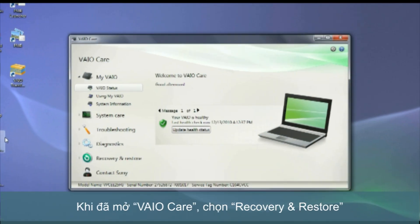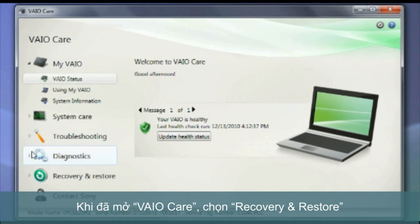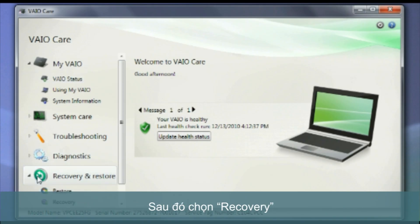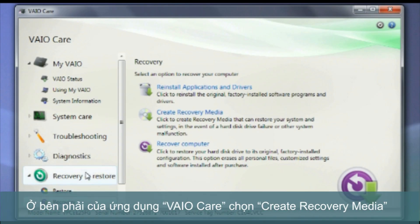Once VAIO Care opens, click on Recovery and Restore, and then select Recovery. At the right-hand side of the VAIO Care application, select Create Recovery Media.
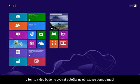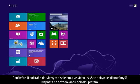In this video, we will use a mouse to select items. If you are using a touch screen computer, you will tap the selection whenever the video says click.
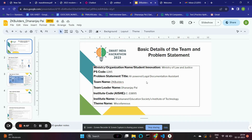RSI problem statement number 1285: AI powered legal document assistant. Our project name is LegalEase, and I'll walk you through the demo we've built. LegalEase is an AI powered legal documentation and expert consultation web platform.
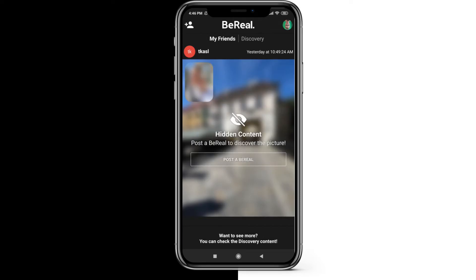Now the content of my friends is hidden. It's hidden because I can only see today's BeReals of my friends when I've posted my own BeReal. So I now have to take another shot on my BeReal to see my friends' BeReals.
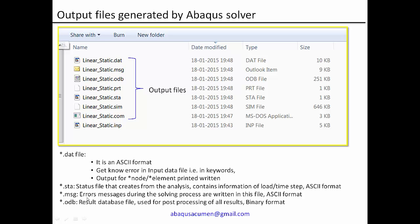The next important file is the message file, which is the star dot MSG file. If there are any errors related to your solving process, those errors will be registered in the message file. Open the message file and search for the word 'error' — your cursor will jump to the error location so you can see the error comment and fix it accordingly. Since it is in ASCII format, you can simply open it in a text editor. If the job completes successfully, the message file will just say the job is complete.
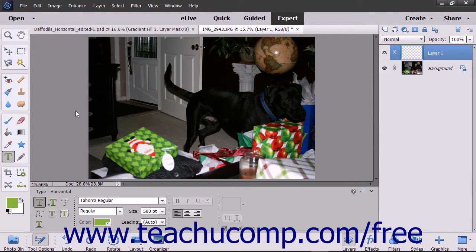You simplify text to merge text with an image or apply filters to text. Simplifying text is covered in an upcoming lesson. There are also two basic types of text in Elements: point type and paragraph type. Point type is useful for entering a word or single line of text, and paragraph type is useful for entering and formatting multiple lines of text as one or more paragraphs.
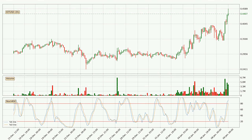Jumping to the three-hourly stochastic RSI, both the %K and %D lines are located in the higher region. This means that the price is high due to overbuying and a change in the trend, or at least some kind of consolidation, can be expected. Nevertheless, the K line has yet to cross the D line, so it's recommended that you wait and see if the trend does in fact go down.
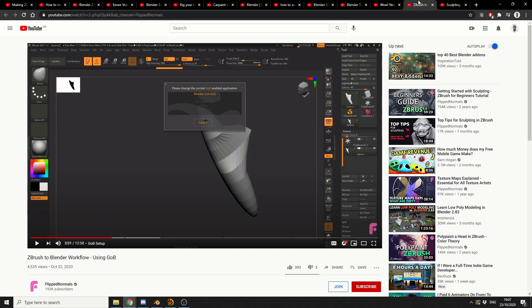And from FlipNormals, ZBrush to Blender workflow. It's good to know. It's good to know. A lot of people use ZBrush. A lot of people use Blender.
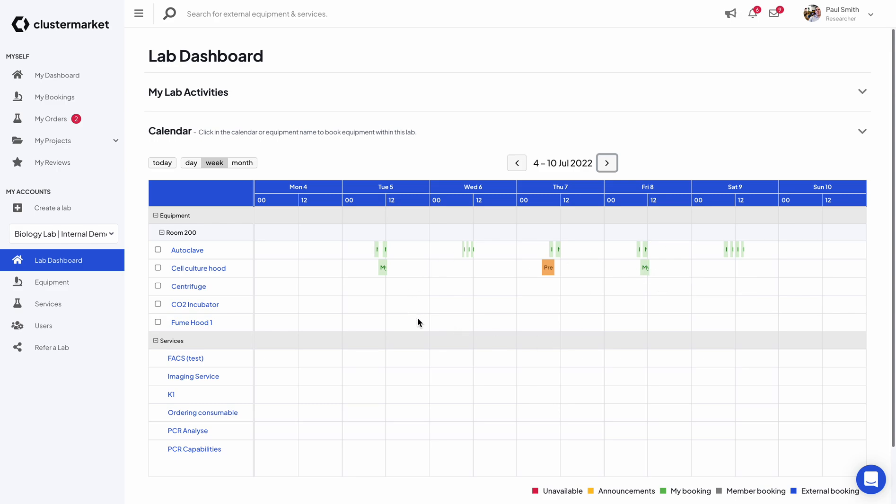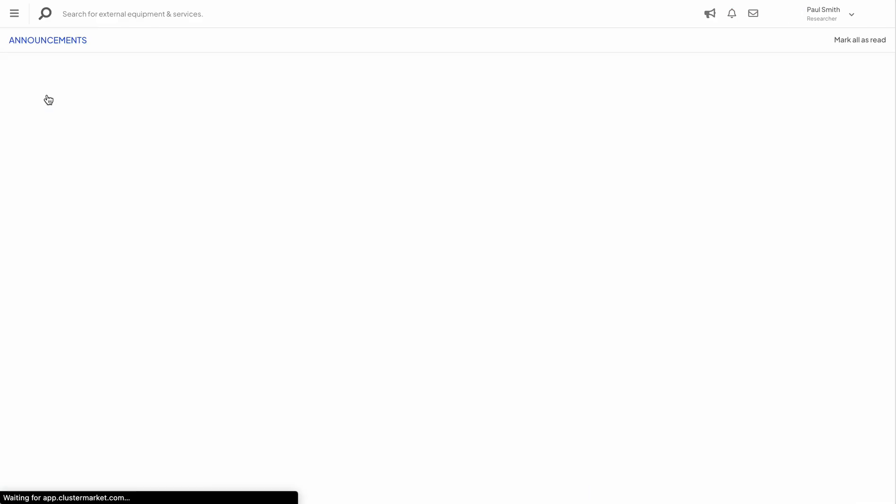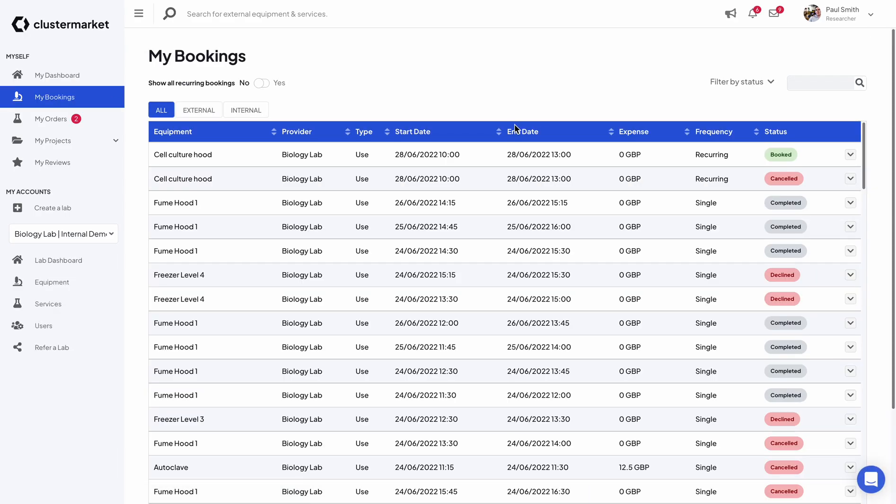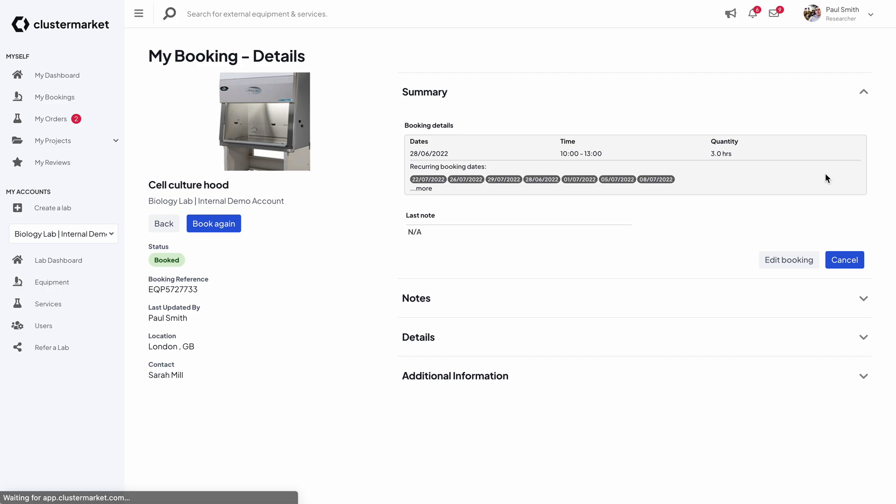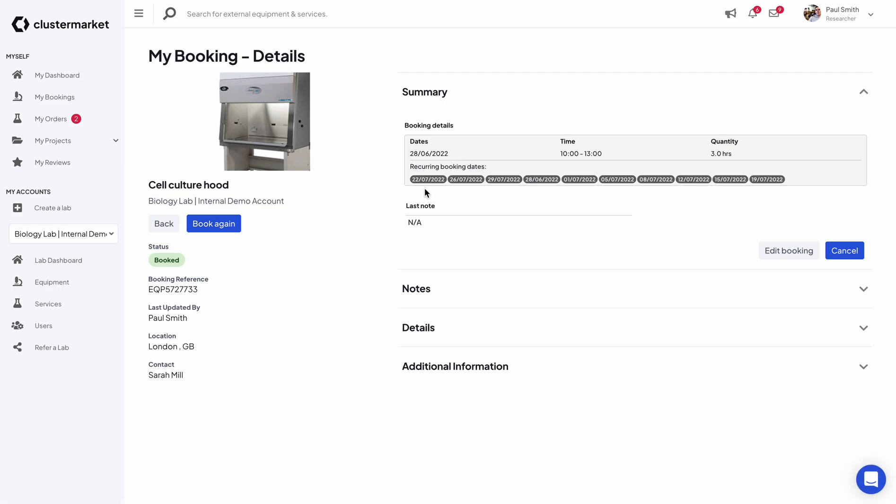An easier way to just see all the bookings you just made is by going to my bookings and just check the last one you made. It will say recurring and then you can click on details to actually check all the dates that you booked for. So you see all the 10 dates, all the Tuesdays and all the Fridays that you have made a booking for.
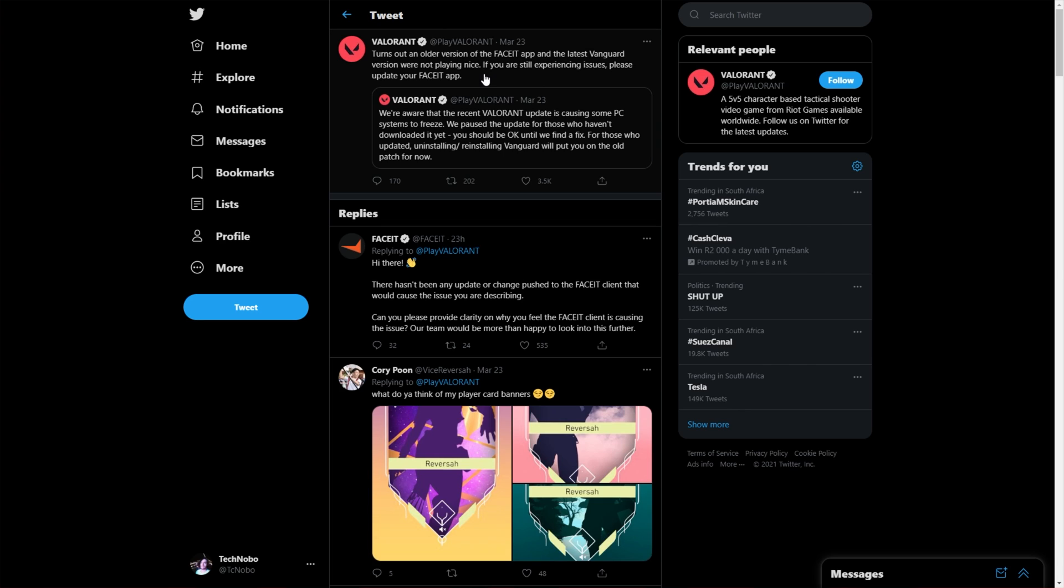Anyways, regardless of all of that, what can we do to fix this? Well, first of all, we'll try and reinstall Vanguard and then we'll try update the FaceIt app. Reinstalling Vanguard should install an older version of the anti-cheat, allowing us to play the game until they find a proper patch.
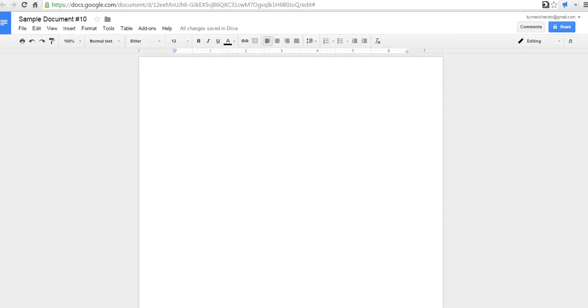Hi, this is Richard Byrne at freetechforteachers.com. In this video, I want to take a look at how you can install add-ons in your Google Documents.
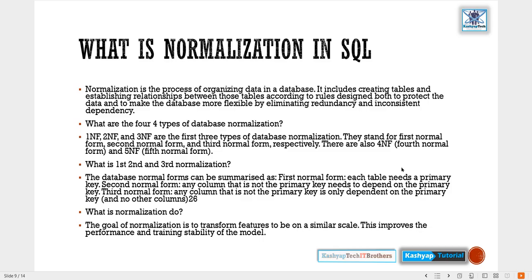Normalization is the process of organizing data in a database. It includes creating tables and establishing relationships between those tables according to rules designed to protect the data and make the database more flexible by eliminating redundancy and inconsistency. It is the process of organizing data to minimize data redundancy — like data duplication — which in turn ensures data consistency.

──────

TASK OBJECTIVE -
Every line from the first line of the entries above through the line with "In this video, we" must be repeated exactly, and pictures must not be.

RESULT BELOW -
Once VAIO Care opens, click on Recovery and Restore, and then select Recovery. At the right-hand side of the VAIO Care application, select Create Recovery Media.
In this video, we will use a mouse to select items. If you are using a touch screen computer, you will tap the selection whenever the video says click.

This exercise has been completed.